Se l’assenza di un centro di coordinamento delle politiche territoriali è una delle cause dello sfilacciamento dell’identità di area vasta della provincia di Enna, non meno dannosa è l’inconsapevolezza della funzione statistica che dovrebbe essere esercitata dai Comuni.

Le funzioni dei Comuni

Una buona e moderna amministrazione locale dovrebbe infatti supportare le sue funzioni con gli apparati conoscitivi e informativi disponibili per i decisori e per i cittadini, calibrati sulle dimensioni territoriali di competenza con caratteristiche di tempestività, pertinenza, fruibilità, robustezza tecnica e ampiezza tematica.

La statistica per la programmazione

La possibilità di esercizio efficace della funzione statistica passa per una programmazione delle attività degli uffici di statistica che abbracci sia l’elaborazione dei dati presenti negli archivi amministrativi di competenza, sia la raccolta delle informazioni presso i cittadini, le altre istituzioni, le formazioni sociali.
Ora, qualsiasi strategia di sviluppo passa da una corretta lettura del territorio e d ricognizione certa dei bisogni emergenti dalla comunità interessata.

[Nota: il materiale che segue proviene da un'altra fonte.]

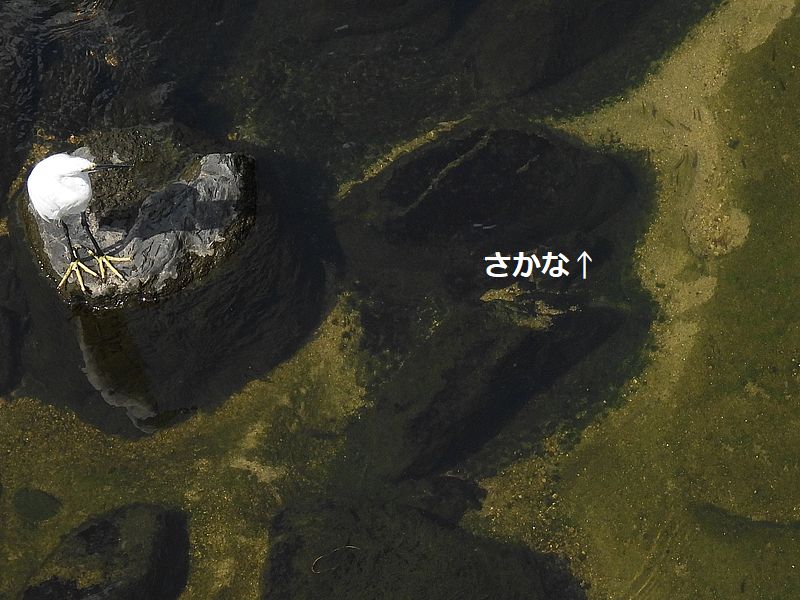 コサギちゃん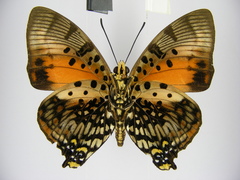 Charaxes zingha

Scarsa conoscenza dell’utenza

Come si può pensare di promuovere mirate politiche pubbliche se non si conosce la reale consistenza dei
destinatari? Al netto delle periodiche ricerche fatte dagli Istituti nazionali, nessun Comune della provincia di Enna ha pensato di valorizzare il proprio ufficio statistica, che continua a considerarlo una banale denominazione da affiancare allo stato civile e all’anagrafe.

La fuga dal’Ennese

Eppure in un momento particolare come quelle che stiamo vivendo, in cui i giovani continuano a cercare lavoro fuori distretto, il reddito di cittadinanza è stato radicalmente ridimensionato e le elites locali cercano timidamente di sperimentare nuove forme di resilienza, sarebbe più che utile monitorare i cosiddetti “nè-nè”, cioè quei giovani stanziali che generalmente non sono impegnati nel ricevere un’istruzione, non hanno un impiego né lo cercano e non sono impegnati in altre attività assimilabili e da cui ricavano una formazione, quali ad esempio tirocini, periodi di apprendistato e corsi professionalizzanti.
Ecco, rispetto a questo grave deficit che sembra essere diffuso in tutti i Comuni, la promozione di un mirato Centro studi che s’interfacci con l’Università Kore e con il Terzo settore di riferimento scongiurerebbe di far “navigare a vista” i decisori pubblici.